Aproxima-se a hora do Almoço.  Pousam-se os cestos e os baldes, lavam-se os braços refresca-se a cabeça na fonte onde a água corre fresca também desde a mesma altura que as vinhas foram plantadas.
Alguns mudam a camisa.  Esta tudo pronto para o almoço. Só esperam o Sr. da Casa, que passou com eles toda a manhã na vinha, no lagar, na cozinha, um bocado por todo o lado com eles, como eles sem cerimónias, mas com respeito e admiração de muitos.
Sem o Sr. da casa não se almoça, não se senta à mesa. E esperam.
A Familia tinha chegado de vespera, o Sr. da Casa, o filho e uns amigos prontos a ajudar e a fazer parte da festa. Não só da festa da Vindima, mas também do fim de semana.
Mais tarde chegou o ultimo casal desta alegre companhia. Era tarde foram deitar-se directos para no dia seguinte manhã cedo juntarem-se todos para a Vindima....mas começou cedo demais e só apareceram a meio da manhã, já o lagar estava meio cheio. Ficaram incumbidos de tratar do almoço não dos vindimateiros mas da familia e amigos.
O Sr. da casa entretanto lá apareceu para o almoço com a companha toda das vindimas. Arroz de Pica no Chão , ainda ontem picavam no chão ali ao lado do alpendre da cozinha de fora. Junto com o seu harém de cocorocós....hoje já tava no tacho, grande, de barro a fumegar.
Na casa principal, depois de se ter ido buscar a bela da vitela estufada com macarrão, aberto duas três quatro ou mais garrafas de vinho maduro, pois os convivas são de habitos e o Verde Tinto ainda lhes dá maleitas nas entranhas.
No terraço, á sombra, debaixo da buganvilia, afastados do calor lá se sentaram os convivas, separados dos vindimadores. Não por conforto, mas por ser mais agradavel aos vindimadores para estarem mais à vontade, sem cerimónias com estranhos.
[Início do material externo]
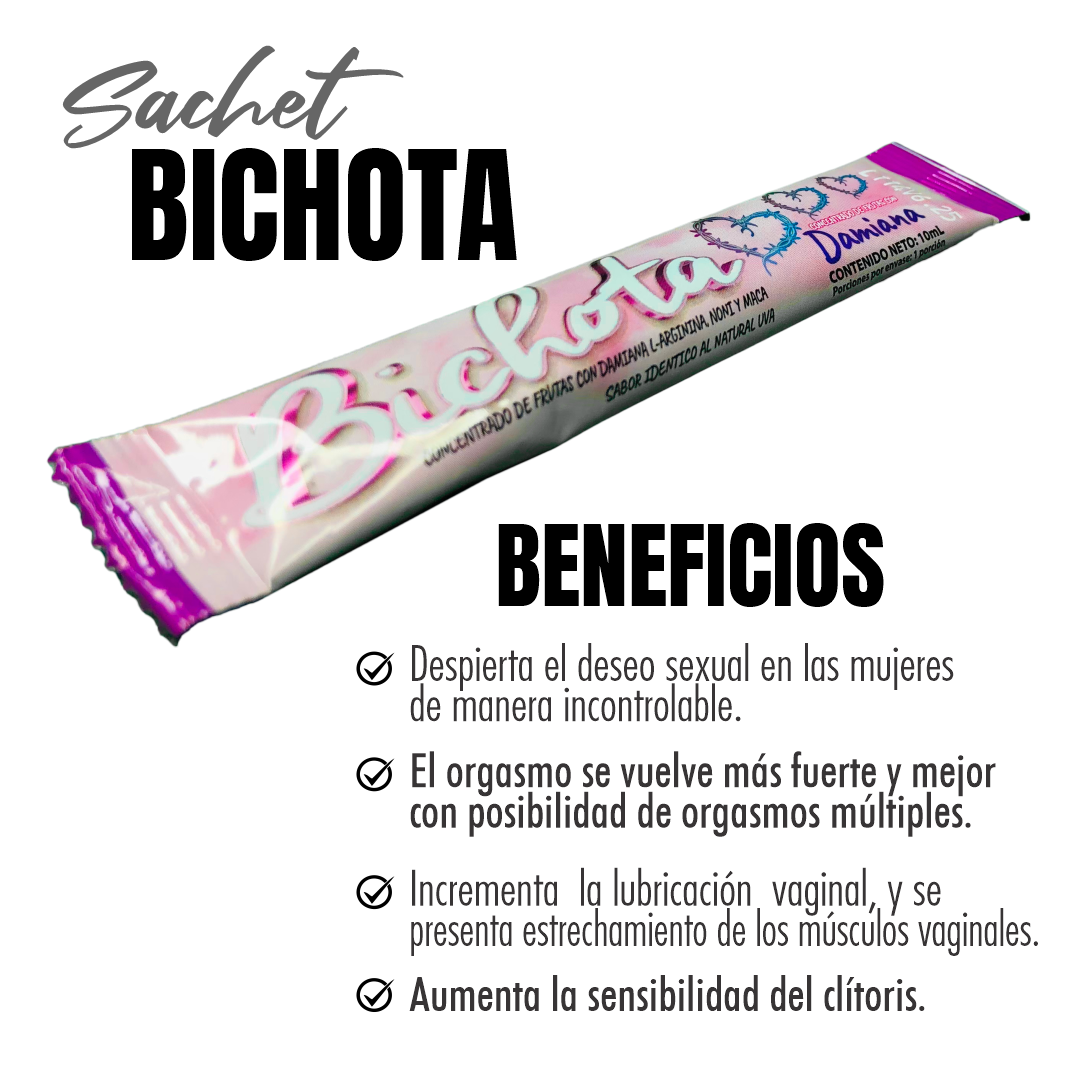 Aguaje Hinojo x2 + Obsequio Sachet Bichota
No alpendre o Pica no Chão, já picava nos pratos de cada um, o Sr. da Casa sentado à cabeceira, mouco da idade, alegre do convivio, feliz pelo dia , alto falava, ria e todos se deliciavam com o arroz da Rosa.
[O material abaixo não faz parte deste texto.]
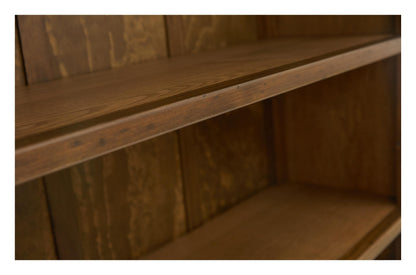 Ready-to-assemble bookcase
Ao fim de duas de branco alentejano, passaram os amigos para um tinto do douro, bom e agradavel. terminou-se com uma aguardente vinica Perfurada, de calibre superior a muitas que por aí andam...
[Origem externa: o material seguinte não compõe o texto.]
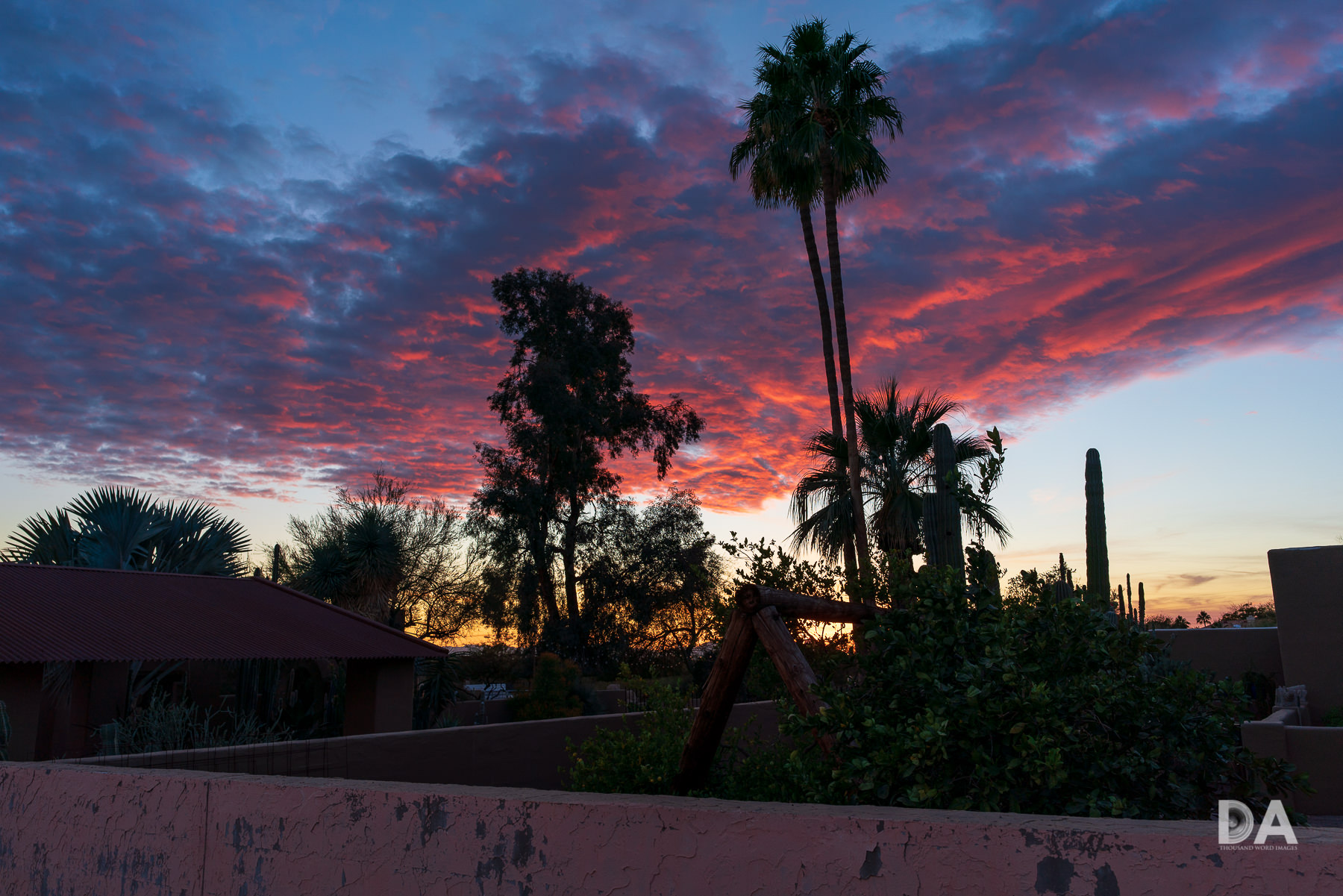 19 Arizona Sunsets-2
No Alpendre os homens seguiram á tasquinha da Irene, beber o café o bagaço e fumar os cigarros. Voltaram mais alegres e satisfeitos, e seguiram todos para a adega onde o lagar os esperava já carregadinho de uvas prontas a serem pisadas.
Sapatos tirados, calças arregaçadas, pés lavados, entra primeiro o mestre, o sr. Pinheiro, depois um a um sobem pela rampa de madeira e entram devagar no lagar.
Os convivas da familia seguem-se, copiam o ritual e entranham-se no mosto e começam todos ao mesmo ritmo a pisa. Duas horas, prevê o mestre, que organiza-os todos dentro do lagar.
-Começai daqui para ali, devagar, esquerda direita como se tivesseis a marchar mas debagár!! para não azedar o vinho.

Em roda à volta do lagar depois mudamos de sentido. É para pisar não é para esmagar!!!
A concertina aparece, e ao seu lado o cantor, modinhas de cá, modinhas de lá um maço de cigarros a passar junto com o tabuleiro das bolachas e claro, sempre!! Um belo espumante fresquinho para não se passar sede. Água é que não... tá lá em baixo nos alguidares para lavar os pés.

Em hora e meia, o mestre manda parar. Tá pisado, tá com cor tá com corpo. Agora vamos esperar, deixar fermentar e daqui a três ou quatro dias é passar para as cuba novas de Inox.
Um a um saimos do lagar, lavamos os pés e toca a fechar a adega e deixar o mosto em silencia á merce dos deuses e Anjos, para que todo o trabalho traga frutos.

É assim que nasce o Vinho Verde das Vinhas Velhas da Quinta de Perfurada. Ou 4Vs da QPF
84ª Vindima. Para o ano a data é redonda e tem de ser mais comemorada.